TRAFFIC’s e-commerce monitoring reveals shifting illegal wildlife trade market in China
Transactions for illegal wildlife products, particularly ivory, are shifting away from online retailers and onto social media platforms according to TRAFFIC’s research into the Chinese-language online retail community.
This is a key finding of a new report, Moving targets: Tracking online sales of illegal wildlife products in China, which discloses the results of routine market monitoring of China’s online retailers that began in 2006 and was released on Tuesday, the World Wildlife Day.
At its peak in March 2012, more than 4,000 new advertisements per month for illegal wildlife products were appearing online on Chinese language online retail websites, finds the new report. More than half of the illegal products offered comprised ivory items.
However, following advertisement removal and blocking of code words used to describe illegal products through regular exchange with e-commerce and enforcement agencies by TRAFFIC, this fell dramatically to around 1,500 from July 2012 and has remained around that level ever since.

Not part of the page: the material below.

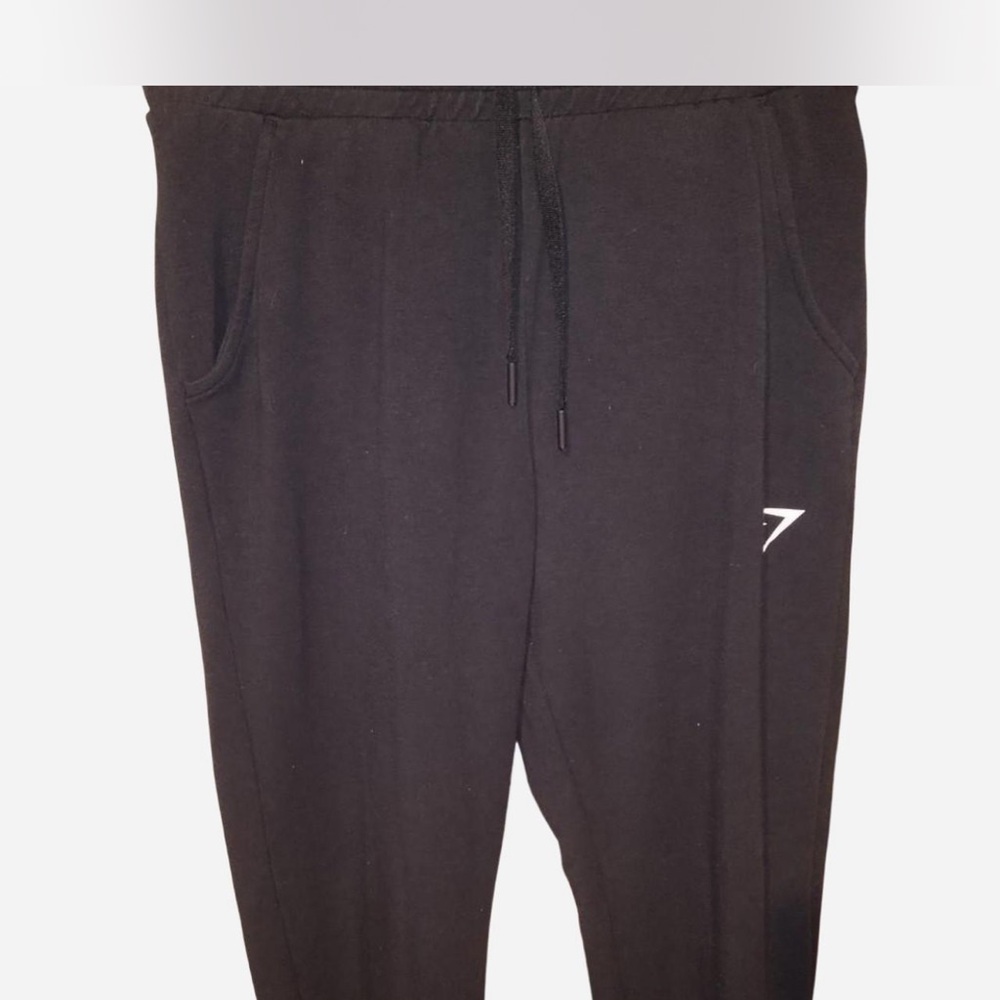 Gymshark Black Athletic Joggers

“Major online retailers in China have been important allies in efforts to stamp out illegal wildlife trade, and their efforts have resulted in a sustained decrease in advertisements for such goods, yet the high number of such advertisements remains of concern and we are also seeing a shift in the way such transactions now take place,” said Zhou Fei, Head of TRAFFIC’s China Office.
One change has been an increase in the number of code words used by sellers to conceal the identity of their goods, from 15 code words used in 2012 to 64 identified and monitored by TRAFFIC today. At least 22 code words exist for ivory, including terms such as “African materials, yellow materials, white plastic, jelly”.
All 64 code words are searched each month by TRAFFIC on 25 e-commerce and antique selling websites for eight wildlife products — ivory, rhino horn, Tiger bone, hawksbill shells, pangolin scales, leopard bones, Saiga horn and Hornbill casques.
There has also been evidence of the move to social media, where dealers release photos and information about illegal wildlife products in order to attract and interact with potential customers. Some dealers also use “agents” to extend their audiences by re-posting the information about illegal wildlife products onto their own social media platform.
“The shift into the secretive world of social media marketing creates a whole new suite of challenges, with enforcement agencies constantly seeking to keep one step ahead of the traffickers,” said Yannick Kuehl, TRAFFIC’s Regional Director for East and South Asia.
“Monitoring and policing this underground marketplace must become a top enforcement priority—it appears criminals are using it to carry out their clandestine activities.”
China has the world’s biggest online community with an estimated $274.6 billion spent in online trade in 2014.
The number of new illegal wildlife products observed by TRAFFIC online fell dramatically, as did the total number of such advertisements: In January 2012, TRAFFIC discovered almost 30,000 advertisements for five illegal wildlife products on 15 websites then surveyed. This rose to more than 50,000 in the next two months but dropped again in April 2012 to around 30,000 after TRAFFIC contacted and shared the monitoring results with website managers, several of whom immediately deleted the identified advertisements.